Let’s use the olsrr package to better visualize the selection process.
install.packages("olsrr", repos="http://cran.rstudio.com/", dependencies=TRUE)
## Installing package into 'C:/Users/Alexander Chang/Documents/R/win-library/3.5'
## (as 'lib' is unspecified)
## package 'olsrr' successfully unpacked and MD5 sums checked
##
## The downloaded binary packages are in
## C:\Users\Alexander Chang\AppData\Local\Temp\RtmpOu8dJ9\downloaded_packages
library(olsrr)
## Warning: package 'olsrr' was built under R version 3.5.3
##
## Attaching package: 'olsrr'
## The following object is masked from 'package:MASS':
##
## cement
## The following object is masked from 'package:datasets':
##
## rivers
visual <- ols_step_both_p(fullmodel)
## Stepwise Selection Method
## ---------------------------
##
## Candidate Terms:
##
## 1. Agriculture
## 2. Examination
## 3. Education
## 4. Catholic
## 5. Infant.Mortality
##
## We are selecting variables based on p value...
##
## Variables Entered/Removed:
##
## - Education added
## - Catholic added
## - Infant.Mortality added
## - Agriculture added
##
## No more variables to be added/removed.
##
##
## Final Model Output
## ------------------
##
## Model Summary
## --------------------------------------------------------------
## R 0.836 RMSE 7.168
## R-Squared 0.699 Coef. Var 10.219
## Adj. R-Squared 0.671 MSE 51.383
## Pred R-Squared 0.620 MAE 5.434
## --------------------------------------------------------------
## RMSE: Root Mean Square Error
## MSE: Mean Square Error
## MAE: Mean Absolute Error
##
## ANOVA
## --------------------------------------------------------------------
## Sum of
## Squares DF Mean Square F Sig.
## --------------------------------------------------------------------
## Regression 5019.885 4 1254.971 24.424 0.0000
## Residual 2158.069 42 51.383
## Total 7177.955 46
## --------------------------------------------------------------------
##
## Parameter Estimates
## ---------------------------------------------------------------------------------------------
## model Beta Std.

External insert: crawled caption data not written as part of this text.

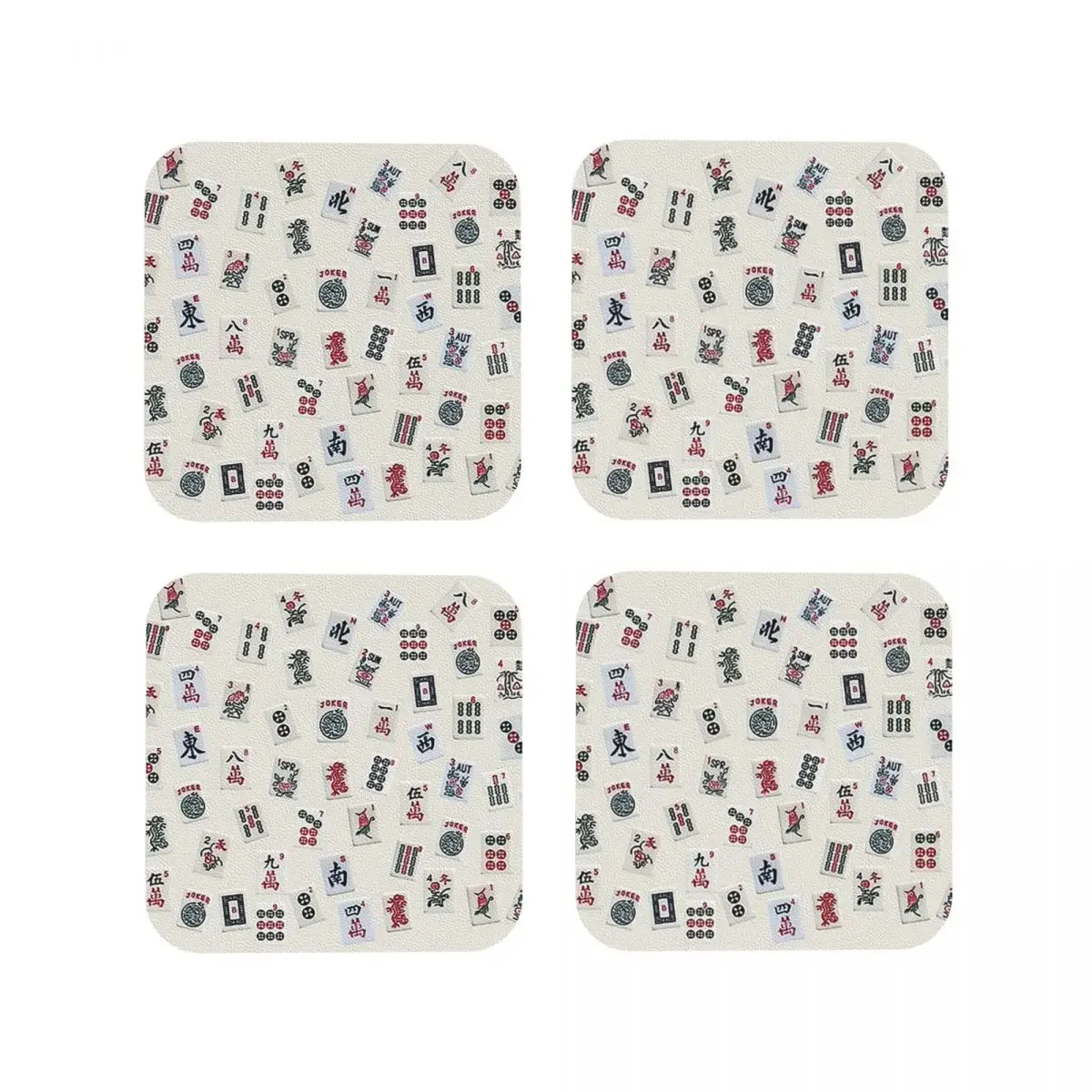 Mahjong Game Tiles Design Coasters Kitchen Placemats Waterproof Insulation Cup Coffee Mats For Home Tableware Pads Set of 4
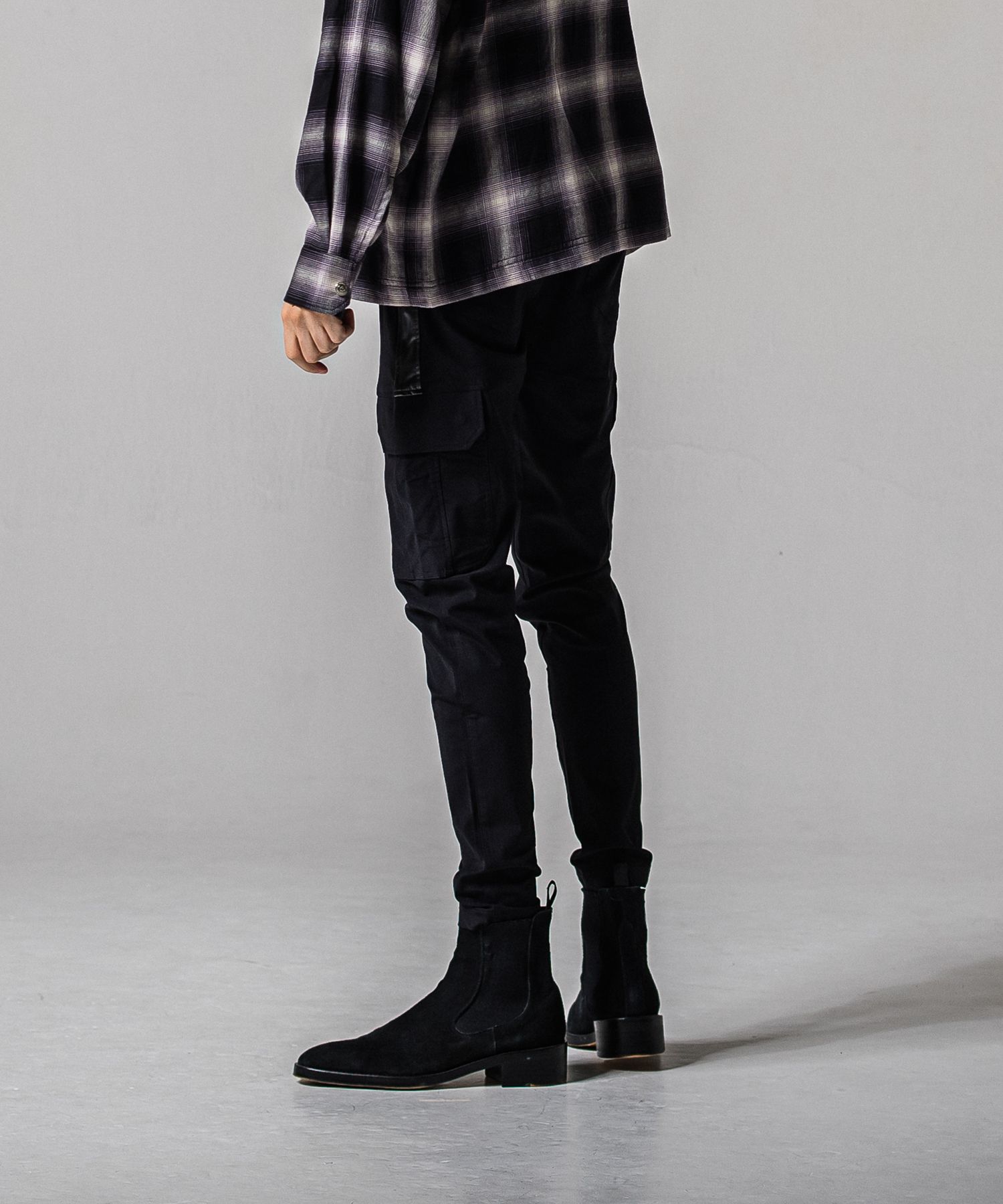 DARRELL CARGO PT / BASIC-ST-010 / レザーラインナイロンカーゴパンツ / ブラック×レザーブラック (2月下旬入荷予定)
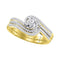 10kt Yellow Gold Womens Princess Diamond Bridal Wedding Engagement Ring Band Set 3/8 Cttw-Gold & Diamond Wedding Ring Sets-8-JadeMoghul Inc.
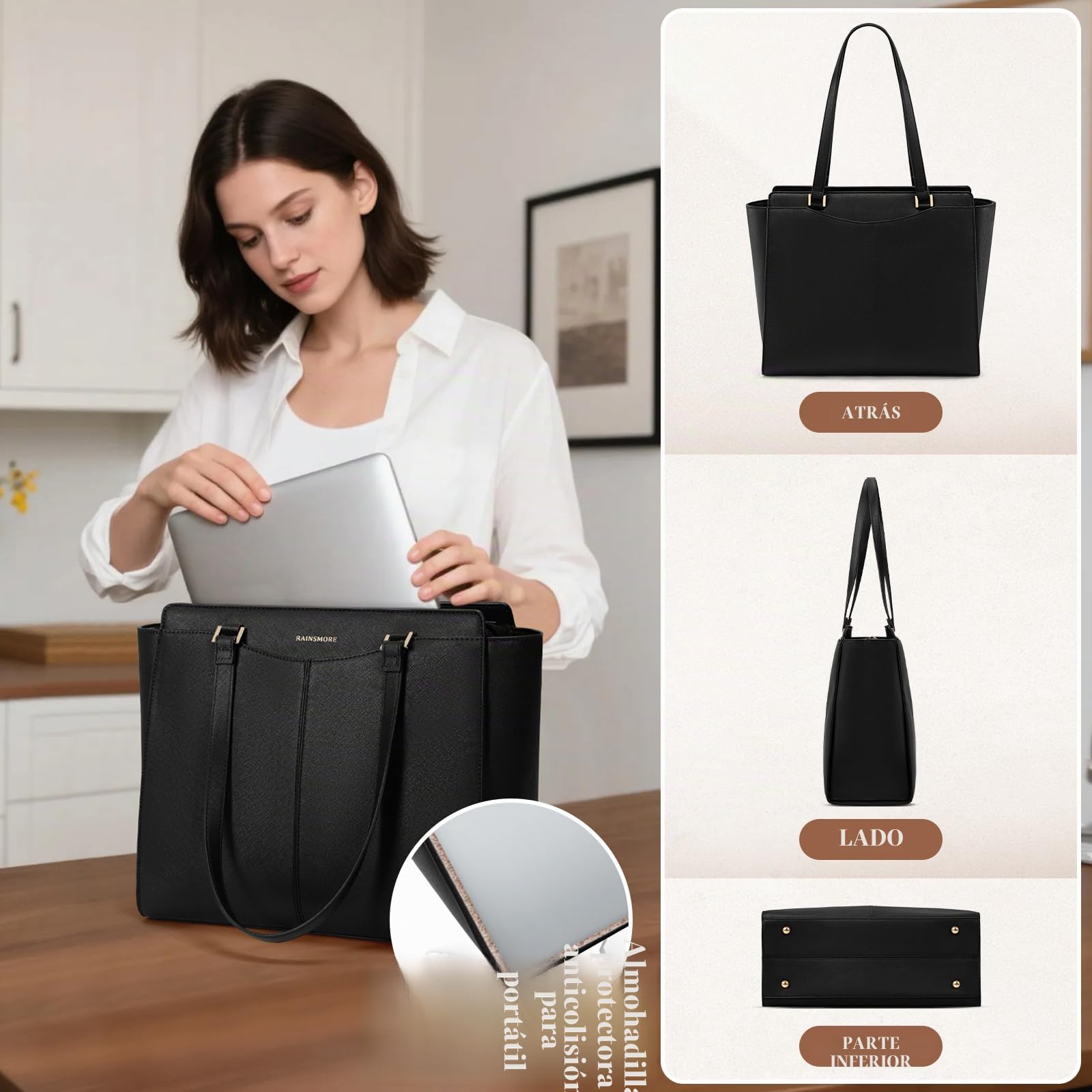 RAINSMORE Bolso Mujer Grande Bolso Universidad Impermeable para Portátil 14 Pulgadas Bolsos Tote Cuero PU con Cremallera Bolsillo Interior para Compras Viajes Colegio Oficina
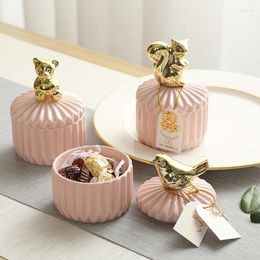 Storage Bottles Ceramic Candy Jar Golden Animal Cover Box Sealed European Creative Dried Fruit Wedding Party Gift
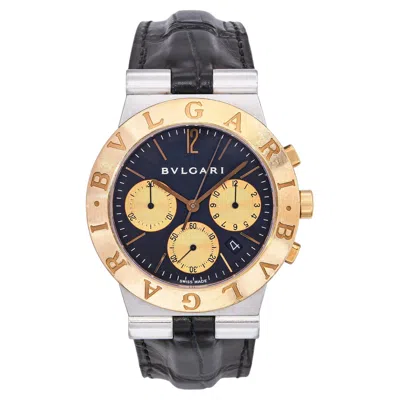 Pre-owned Bulgari Diagano Stainless Steel & 18k Yellow Gold Chronograph Quartz Watch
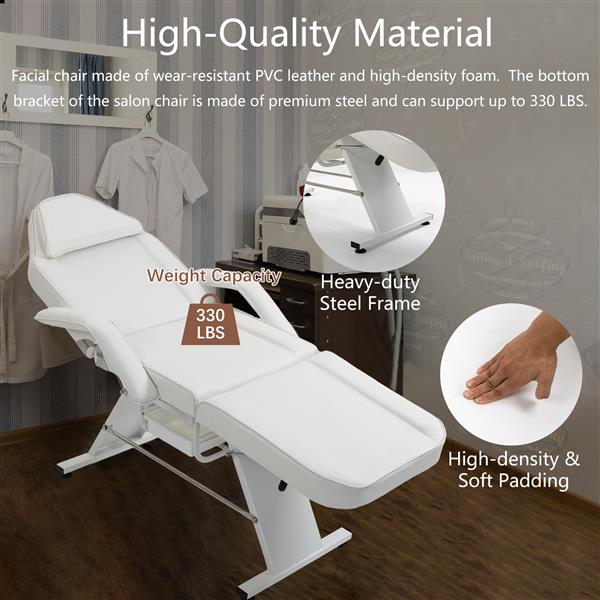 Massage Salon Tattoo Chair with Two Trays Esthetician Bed with Hydraulic Stool,Multi-Purpose 3-Section Facial Bed Table, Adjustable Beauty Barber Spa Beauty Equipment, White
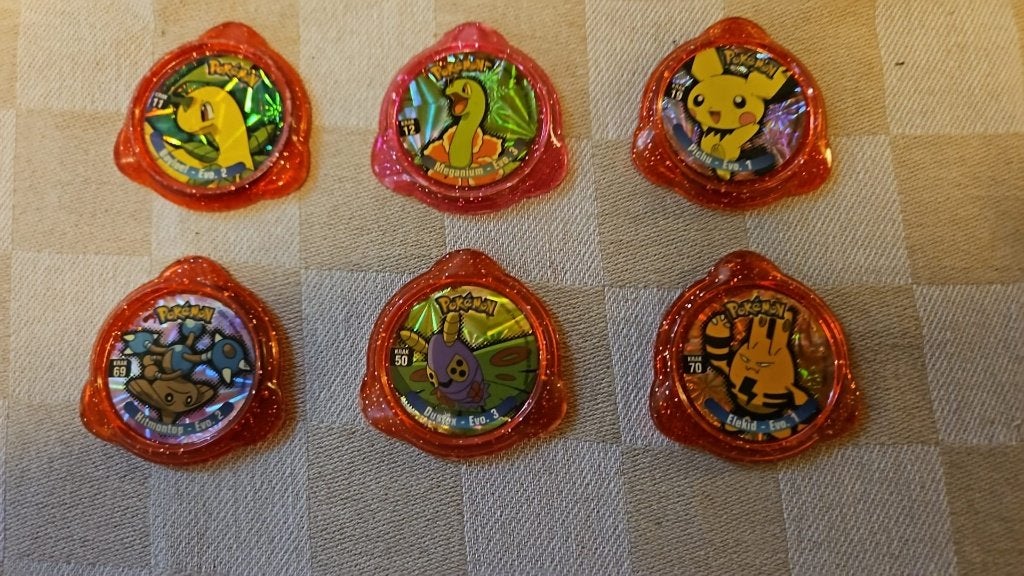 6 pokemon munten Bayleef Pichu Meganium Dustox Elekid, Ophalen of Verzenden, Nieuw, Overige typen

Error Std. Beta t Sig lower upper
## ---------------------------------------------------------------------------------------------
## (Intercept) 62.101 9.605 6.466 0.000 42.718 81.485
## Education -0.980 0.148 -0.755 -6.617 0.000 -1.279 -0.681
## Catholic 0.125 0.029 0.416 4.315 0.000 0.066 0.183
## Infant.Mortality 1.078 0.382 0.251 2.824 0.007 0.308 1.849
## Agriculture -0.155 0.068 -0.281 -2.267 0.029 -0.292 -0.017
## ---------------------------------------------------------------------------------------------
plot(visual)
As we can see the model is strongest when all four variables are present, meaning that this combination of preditcors in our model produces the most accurate output given out data set. Of course this doesn’t test for one of the common pitfall of multiple regression: Collinearity. This occurs when two variables have a linear relationship with one another, meaning that estimates could have high error. The Variance Inflation Factor (VIF) is a good estimate of that, you typically want it lower than 10 to pass the eye test, and between 1 and 4 to feel confident in a varaible. Fortunately this package also includes that test.
ols_vif_tol(fullmodel)
## # A tibble: 5 x 3
## Variables Tolerance VIF
## <chr> <dbl> <dbl>
## 1 Agriculture 0.438 2.28
## 2 Examination 0.272 3.68
## 3 Education 0.360 2.77
## 4 Catholic 0.516 1.94
## 5 Infant.Mortality 0.903 1.11
We’re in luck! Our dataset suggestions little to no collinearity!